• [About this task]:
An exact reproduction of the data below is expected, free of images.

• [Data section]:
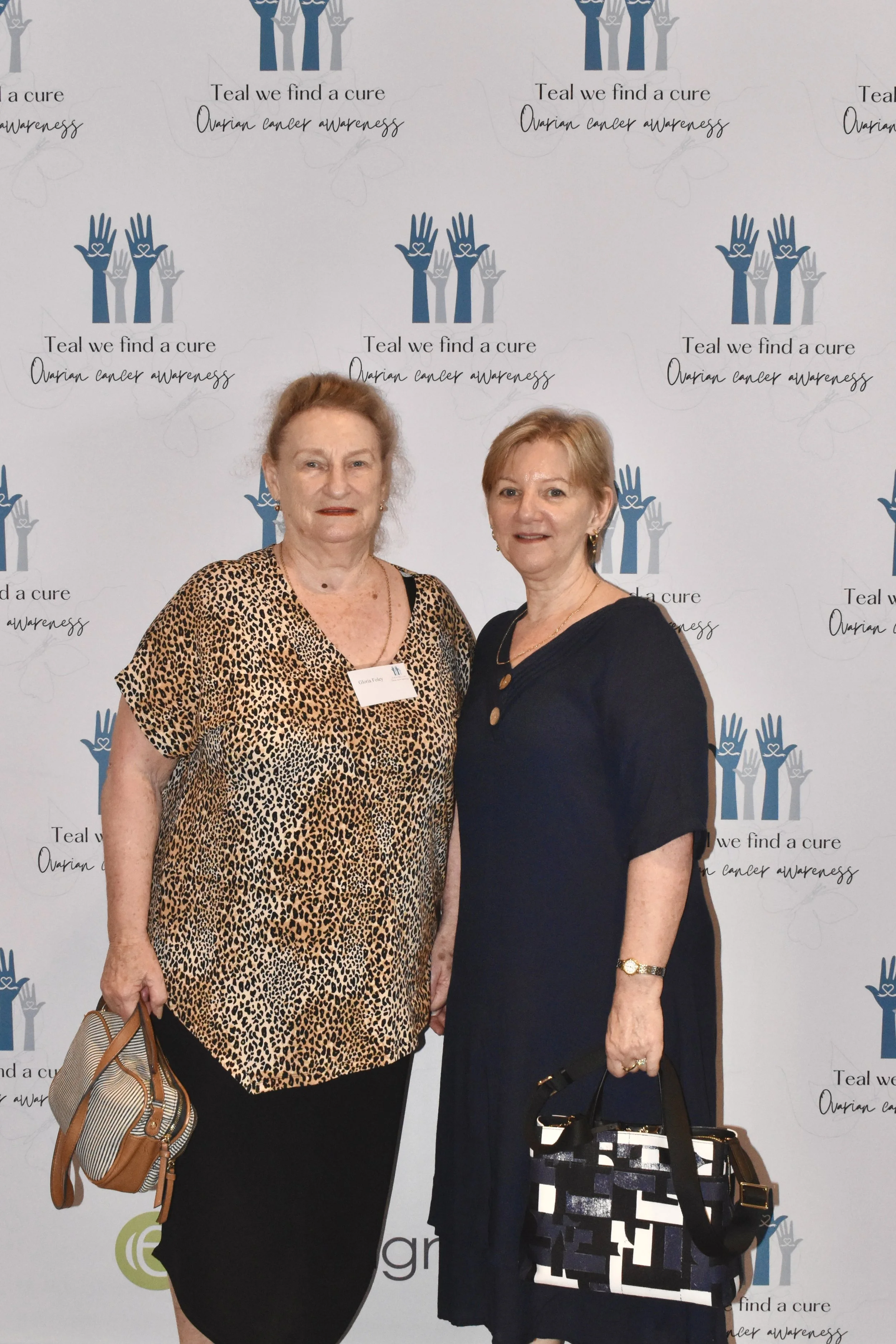 Two women standing in front of a backdrop with the logo and text for ovarian cancer awareness. One woman is wearing a leopard print top and black skirt, holding a tan purse. The other woman is wearing a navy dress and holding a black and white patter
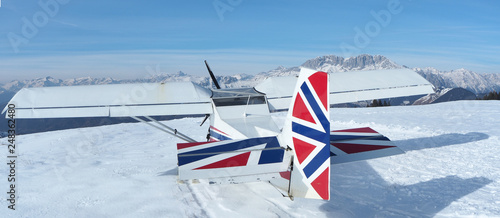 Monte Pora, Bergamo, Italy. A single engined, general aviation light aircraft parked on a snow covered plateau. UK flag colors as livery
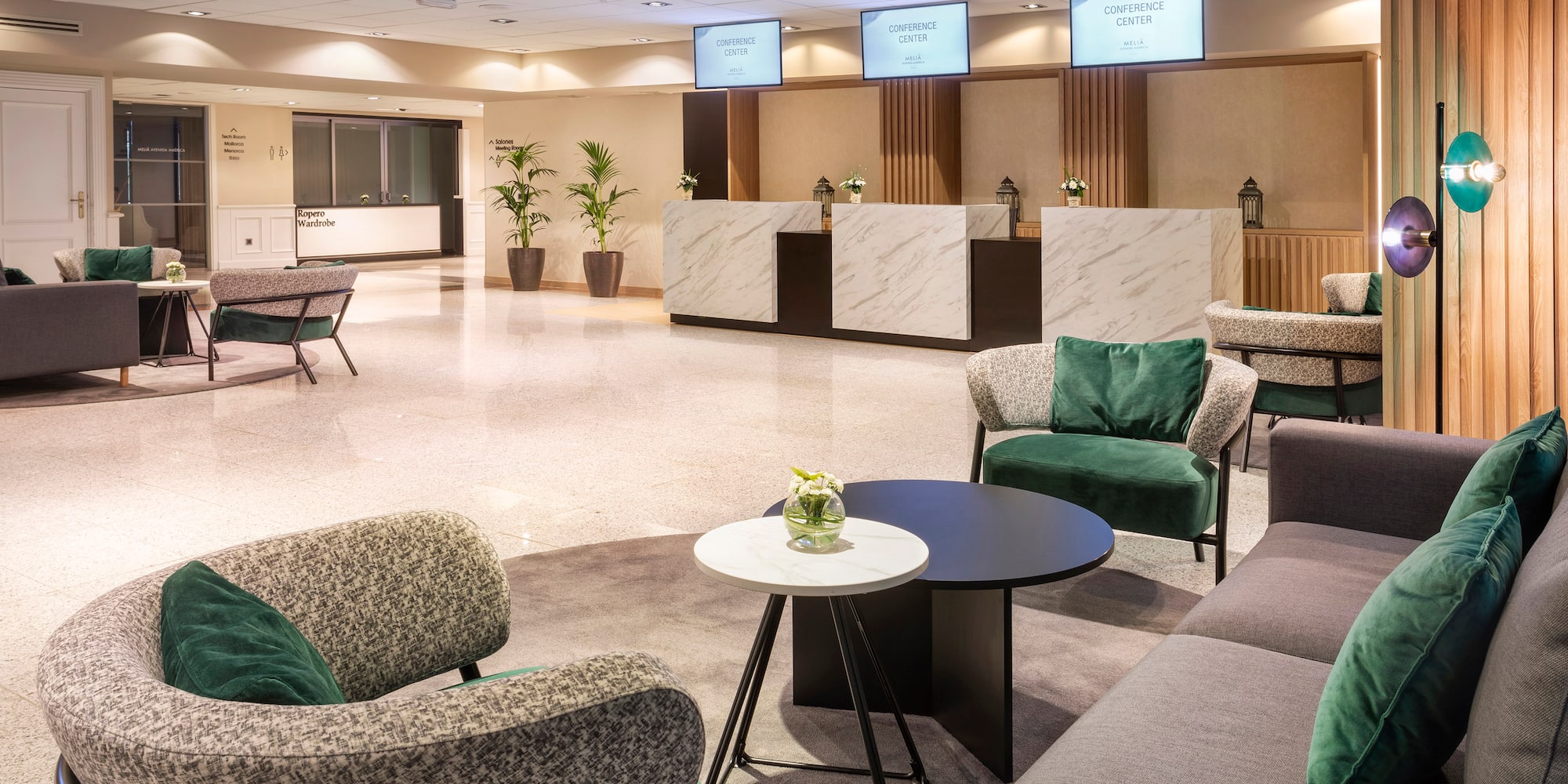 a room with a reception desk and chairs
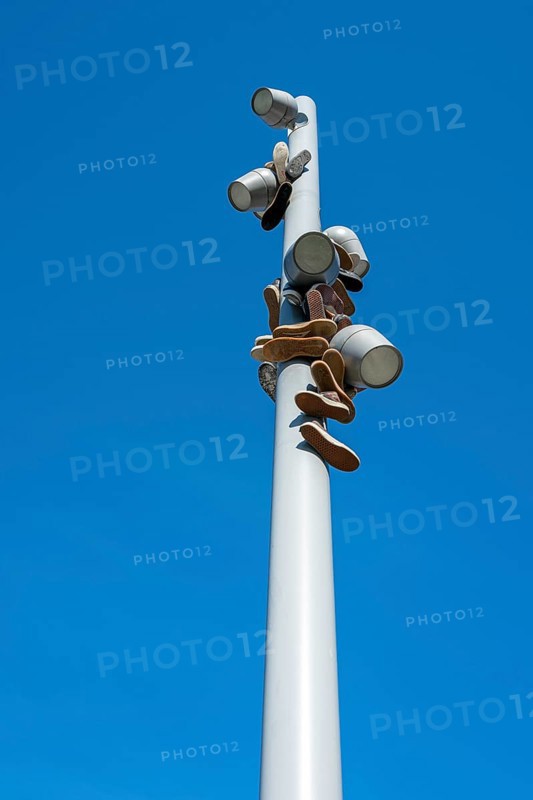 Trainers hanging from a modern light pole, Berlin, Germany, Europe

• [Answer to the problem]:
 Two women standing in front of a backdrop with the logo and text for ovarian cancer awareness. One woman is wearing a leopard print top and black skirt, holding a tan purse. The other woman is wearing a navy dress and holding a black and white patter
 Monte Pora, Bergamo, Italy. A single engined, general aviation light aircraft parked on a snow covered plateau. UK flag colors as livery
 a room with a reception desk and chairs
 Trainers hanging from a modern light pole, Berlin, Germany, Europe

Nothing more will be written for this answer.